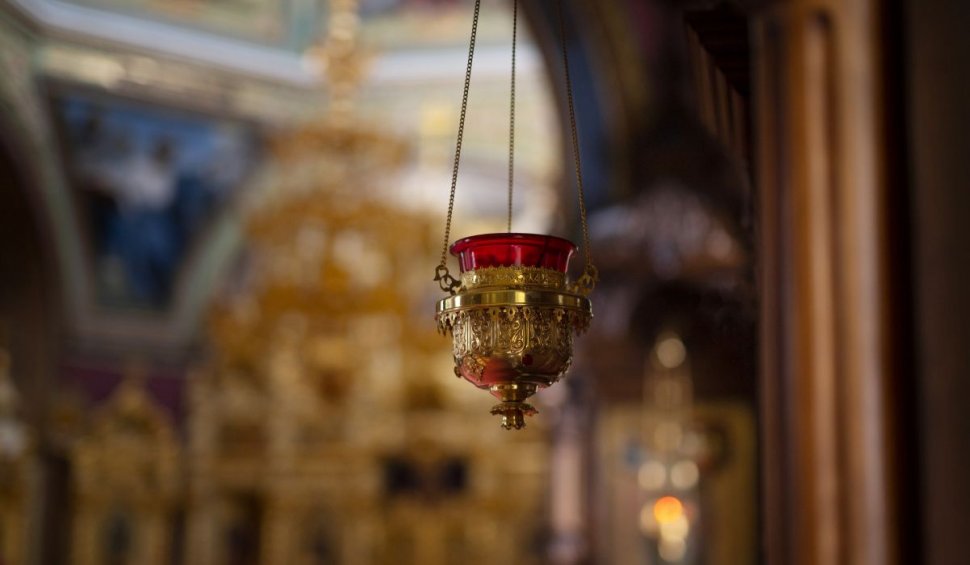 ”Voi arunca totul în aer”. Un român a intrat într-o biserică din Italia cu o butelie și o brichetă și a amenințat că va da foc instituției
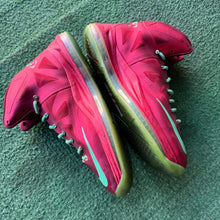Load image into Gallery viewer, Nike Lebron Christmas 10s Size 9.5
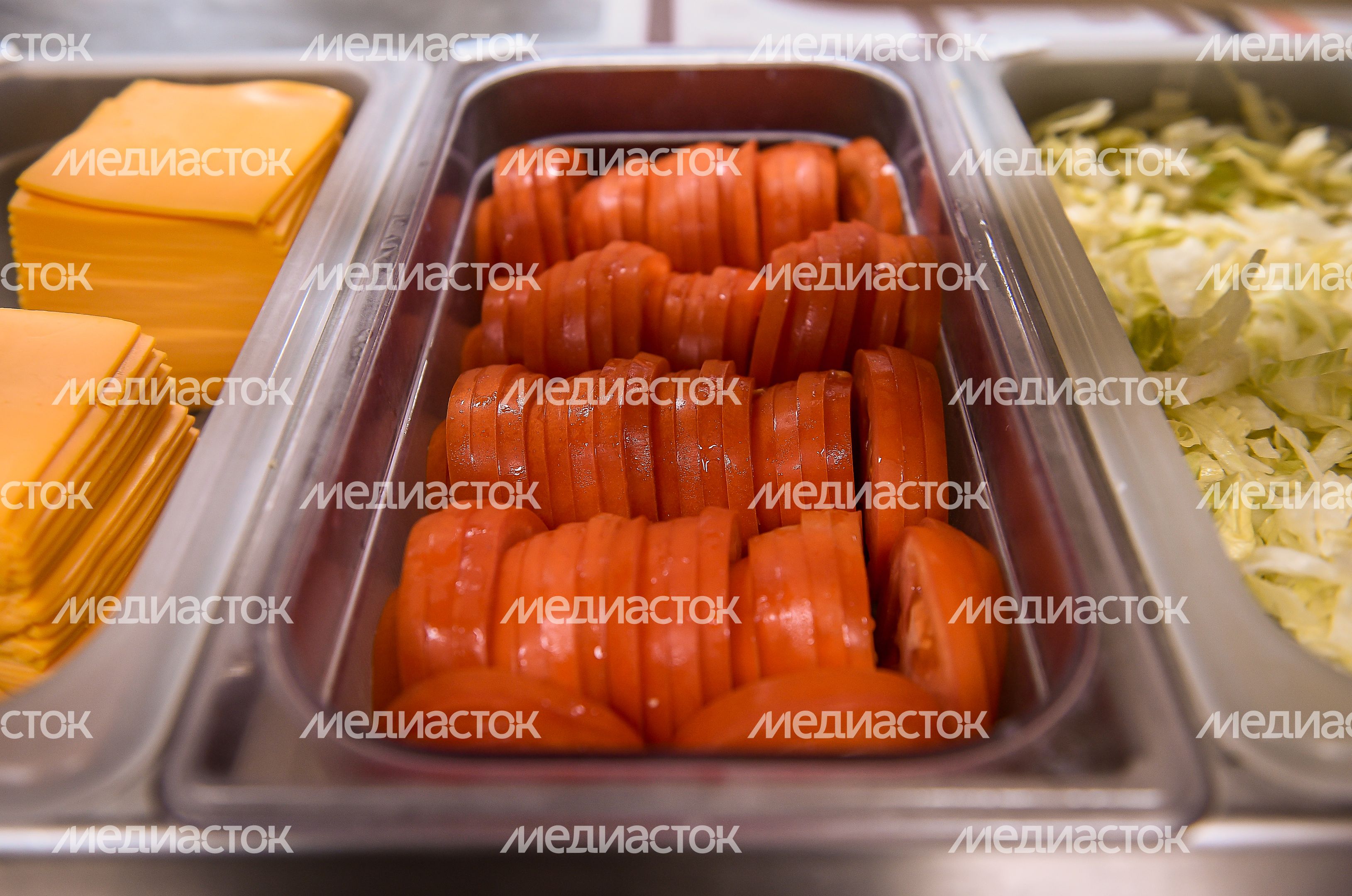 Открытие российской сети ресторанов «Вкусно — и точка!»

> _Your objective_
These lines alone form the answer: the one containing "Load image into" and every line after it through the end of the material, exactly as written, pictures left out.

> _Answer to this task_
Load image into Gallery viewer, Nike Lebron Christmas 10s Size 9.5
 Открытие российской сети ресторанов «Вкусно — и точка!»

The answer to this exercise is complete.